# Image-caption web data:
* * *
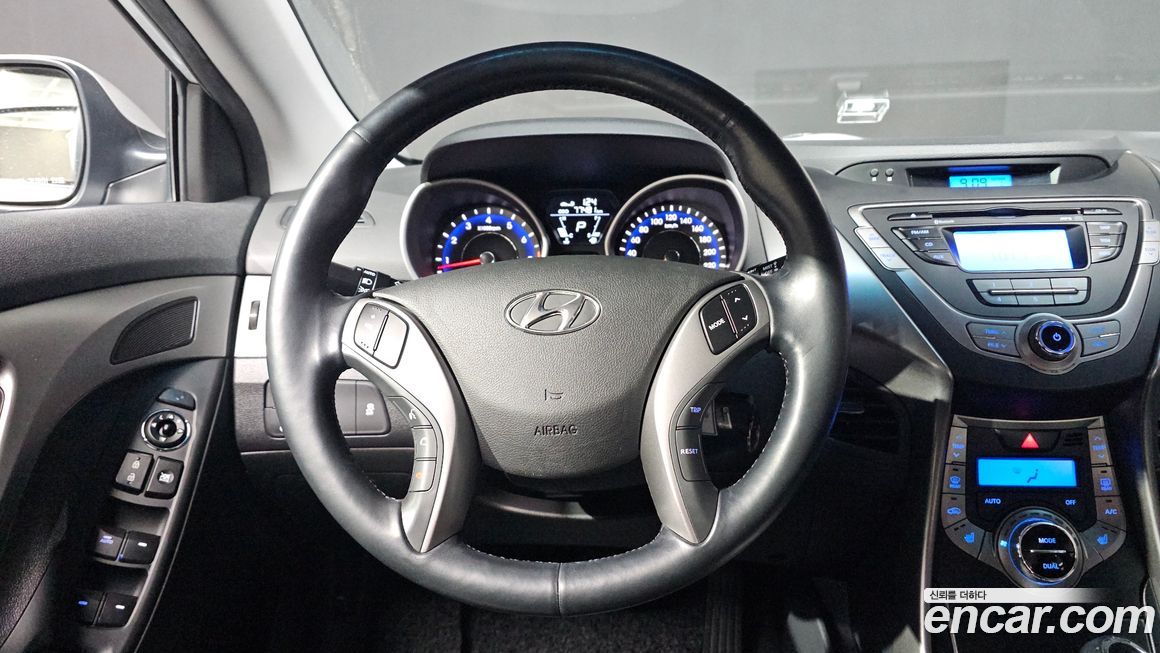 Hyundai AVANTE 2013
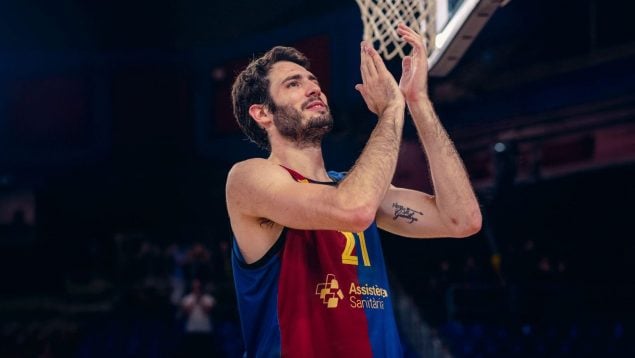Álex Abrines aplaude a la afición del Barcelona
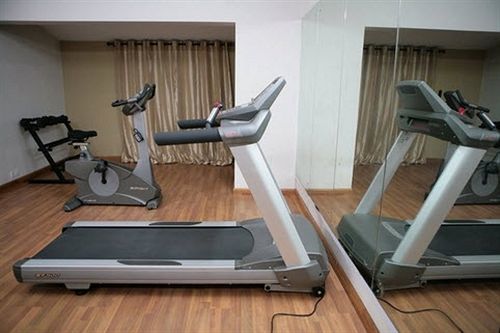 Deccan Plaza Hotel - อูตี ภายนอก รูปภาพ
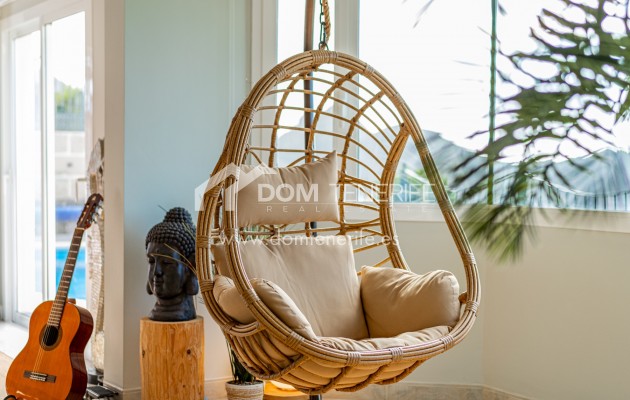 Villa Chayofa: comedor – villa en venta en Chayofa, Tenerife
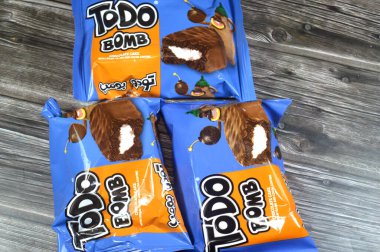 Kahire, Mısır, 16 Ekim 2025: Todo Bomb, Mısır 'da popüler olan Edita Food Industries tarafından yapılan bir çeşit aperatif kek, kremalı çikolatalı pasta ve kakao kaplama çeşitli tatlar içeriyor.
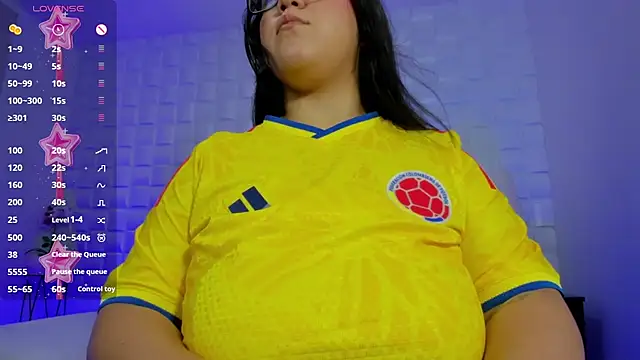 iris_torrez_ webcam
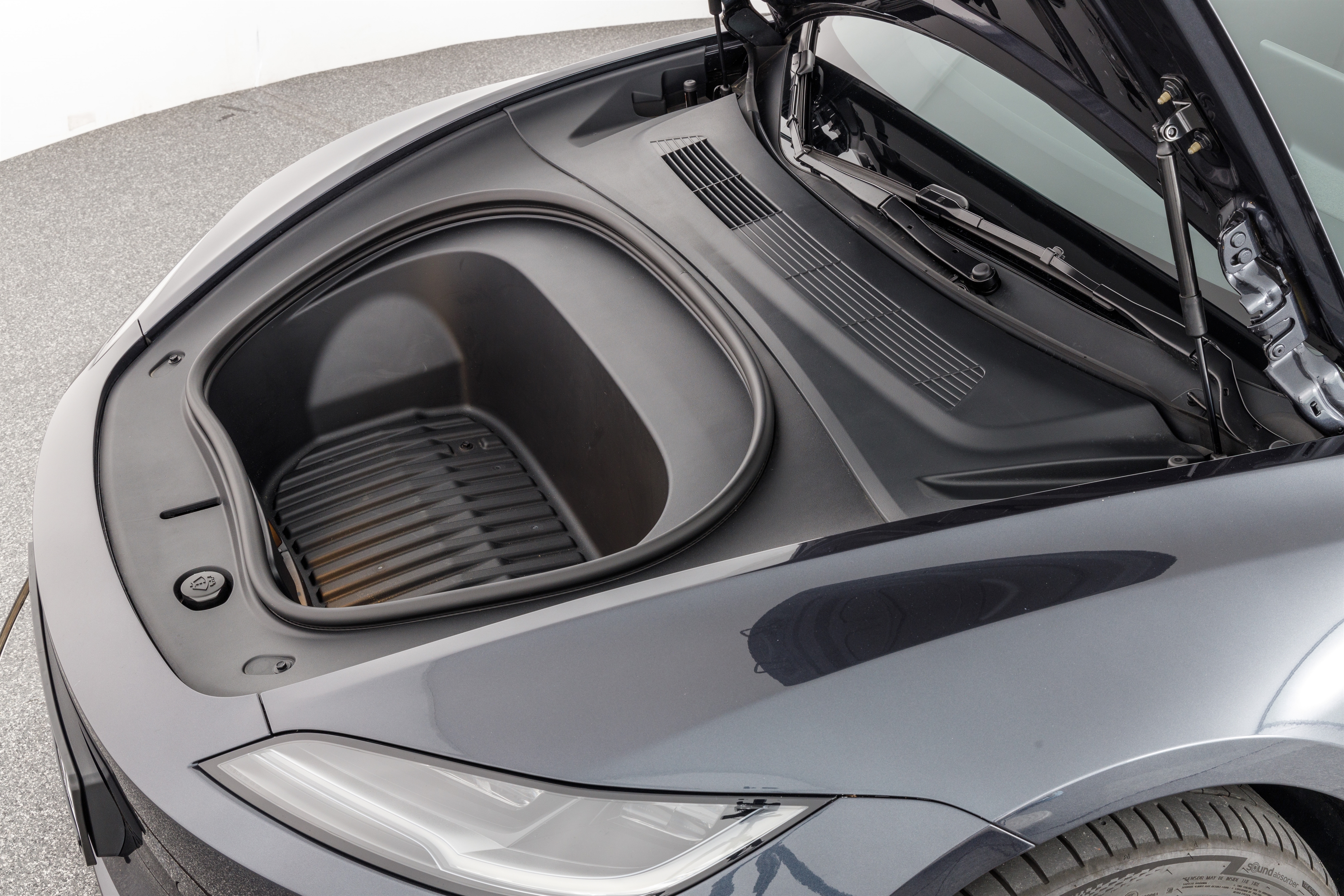 TESLA MODEL 3 LONG RANGE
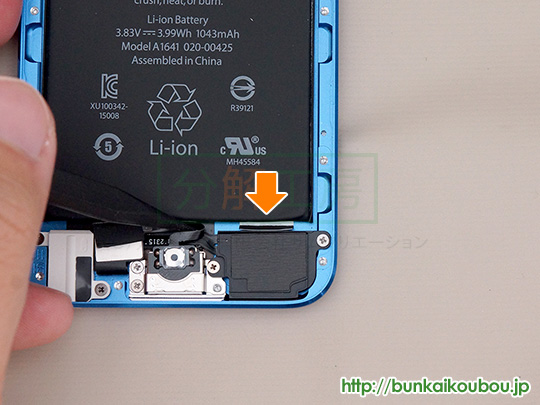 iPod touch 6G分解8バッテリーを取り出す(3)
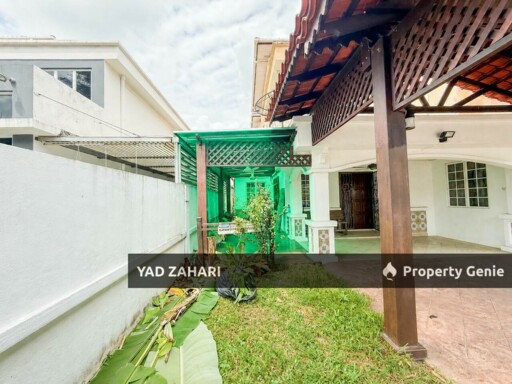 D'Kayangan, Seksyen 30, Shah Alam | 2.5 Storey Semi D Cluster 6 Bedrooms | RM1.39M - Fully Reno, Gated Guarded and Extended Front Side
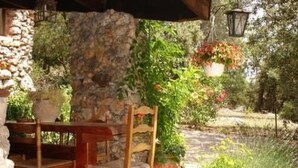 Outdoor dining - "La petite maison" (Das kleine Haus) by Interhome (Sillans-la-Cascade)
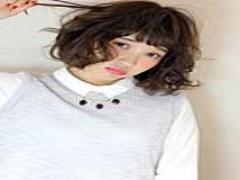 「落ち感」が旬のヒント。重力に逆らわない無造作ヘアで、とろんと隙見せ♡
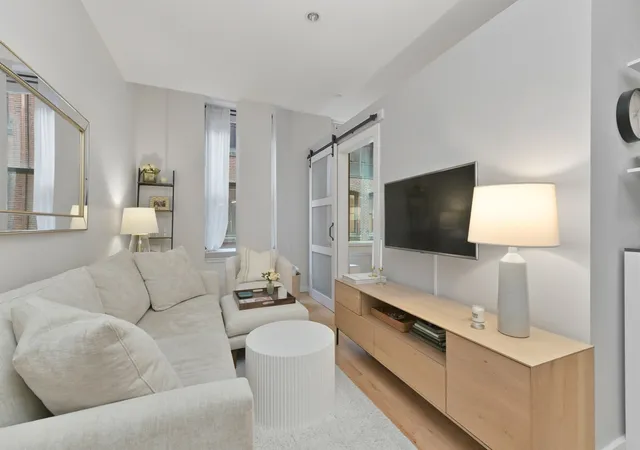 Photo 3 of Sale Pending at 346 Congress #312, Boston, MA 02210 | MLS# 73582191 | Listing updated on 2026-10-23
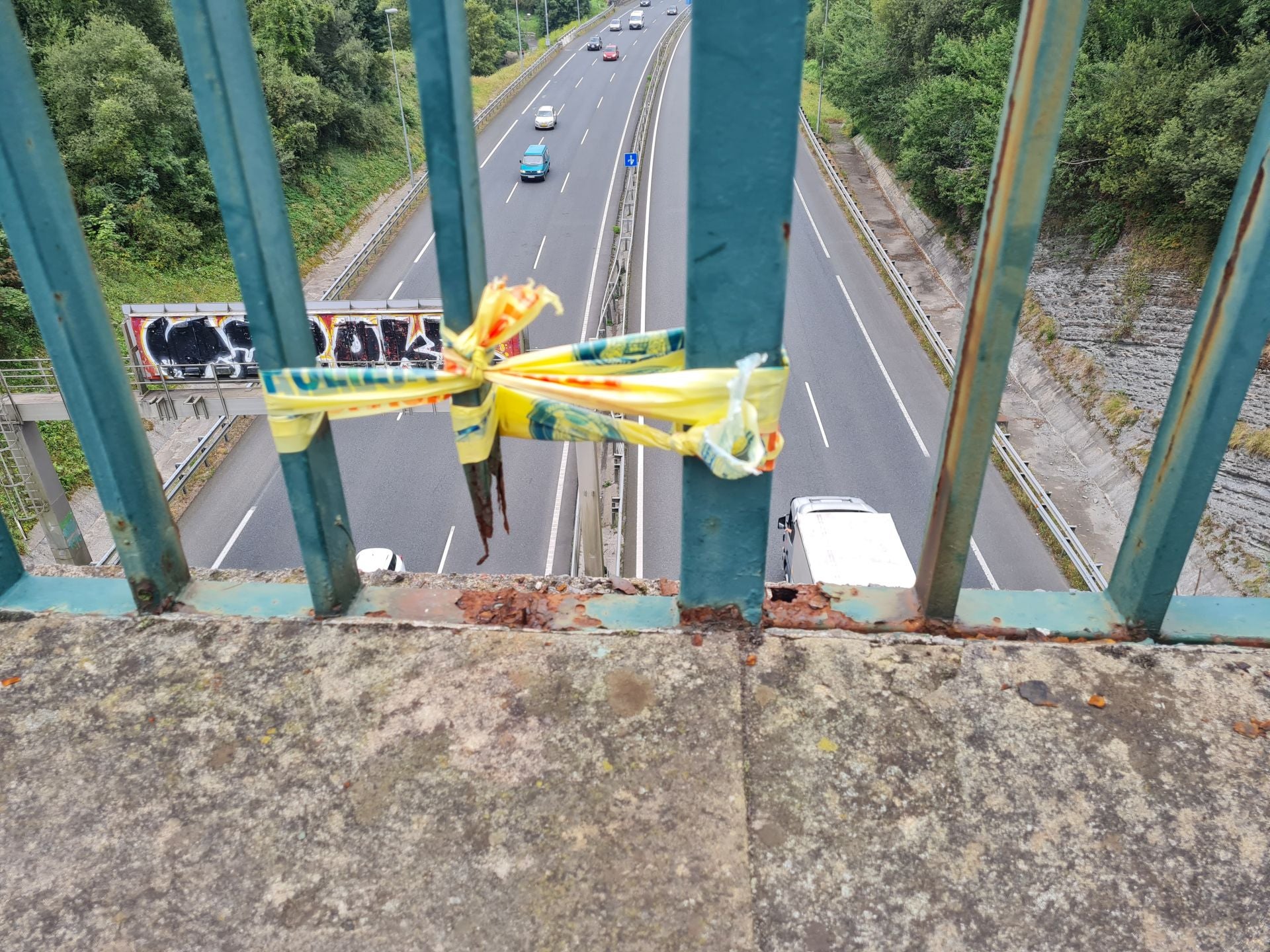 Imagen principal - Clamor para cambiar una barandilla en Donostia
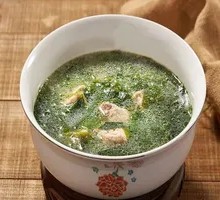 Kelp Sprout and Pork Rib Soup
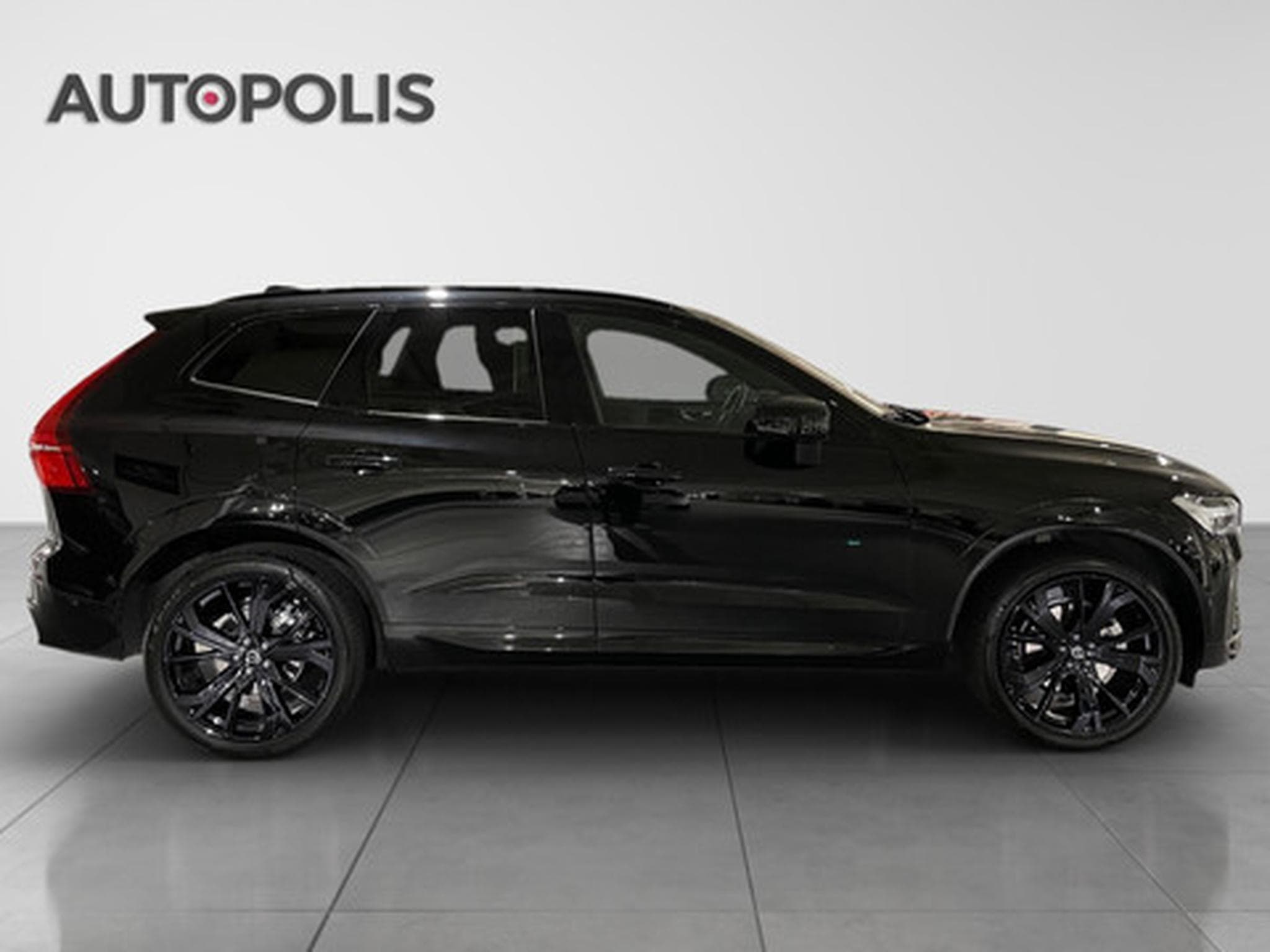 Volvo XC60 B5 4x4 Core Aut. (2025) - Photo 18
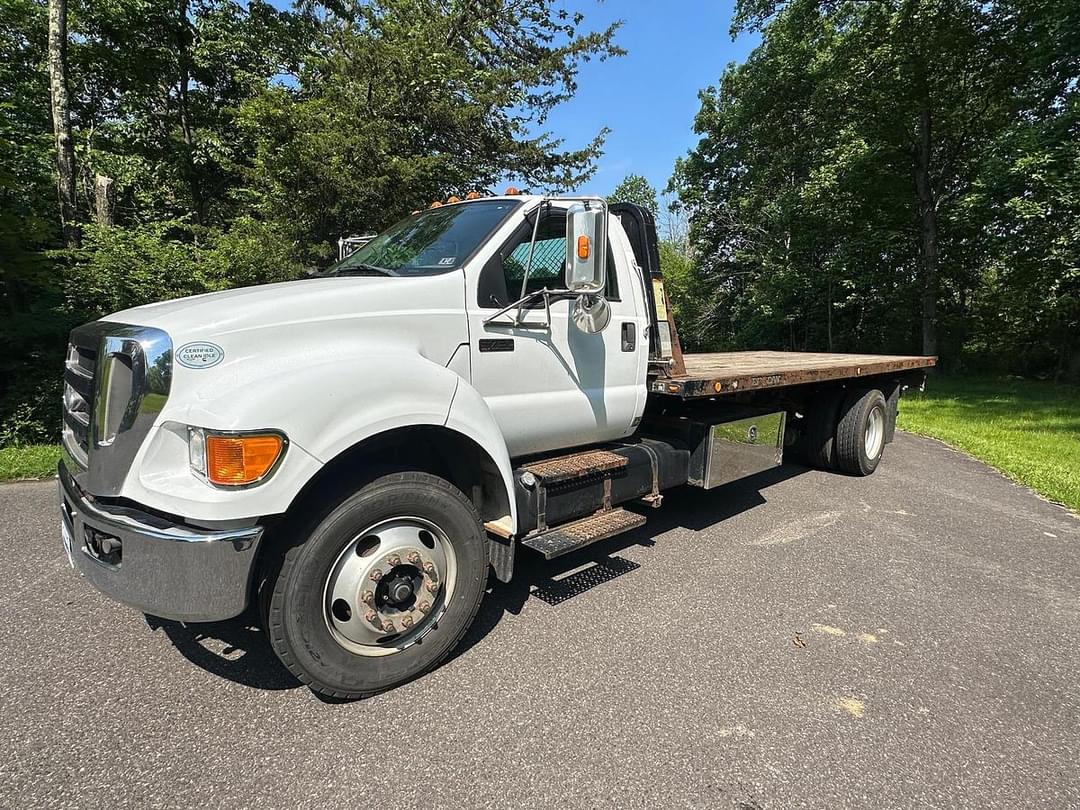 Image of Ford F-750 Primary image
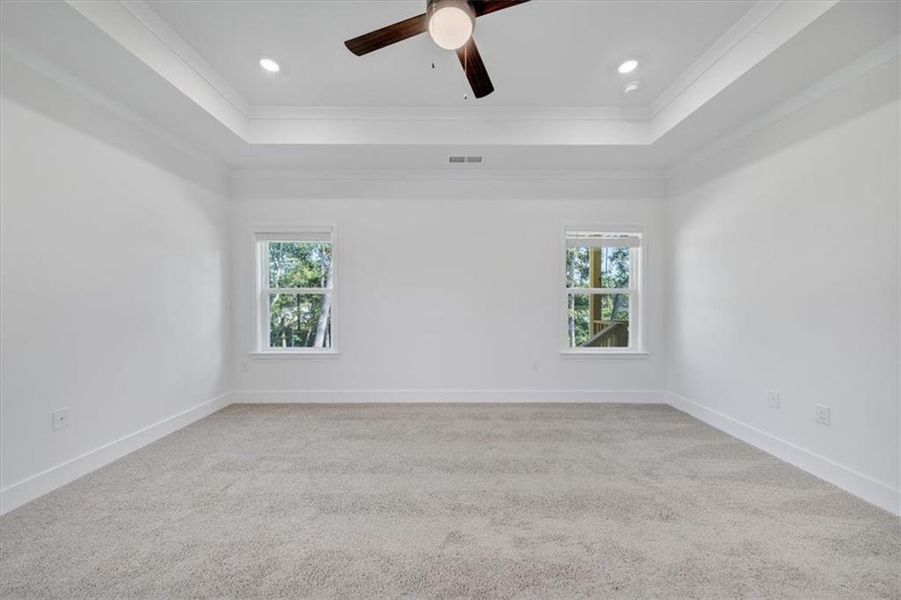 Spacious, unfurnished interior of a new home in Tuscany Hills, Douglasville (Image 35).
* * *
# WORK TO COMPLETE:
Repeat only the lines between the top of the entries above and the line containing "by Interhome (Sillans-la-Cascade)", both ends included, without the pictures.

# RESULT:
 Hyundai AVANTE 2013
Álex Abrines aplaude a la afición del Barcelona
 Deccan Plaza Hotel - อูตี ภายนอก รูปภาพ
 Villa Chayofa: comedor – villa en venta en Chayofa, Tenerife
 Kahire, Mısır, 16 Ekim 2025: Todo Bomb, Mısır 'da popüler olan Edita Food Industries tarafından yapılan bir çeşit aperatif kek, kremalı çikolatalı pasta ve kakao kaplama çeşitli tatlar içeriyor.
 iris_torrez_ webcam
 TESLA MODEL 3 LONG RANGE
 iPod touch 6G分解8バッテリーを取り出す(3)
 D'Kayangan, Seksyen 30, Shah Alam | 2.5 Storey Semi D Cluster 6 Bedrooms | RM1.39M - Fully Reno, Gated Guarded and Extended Front Side
 Outdoor dining - "La petite maison" (Das kleine Haus) by Interhome (Sillans-la-Cascade)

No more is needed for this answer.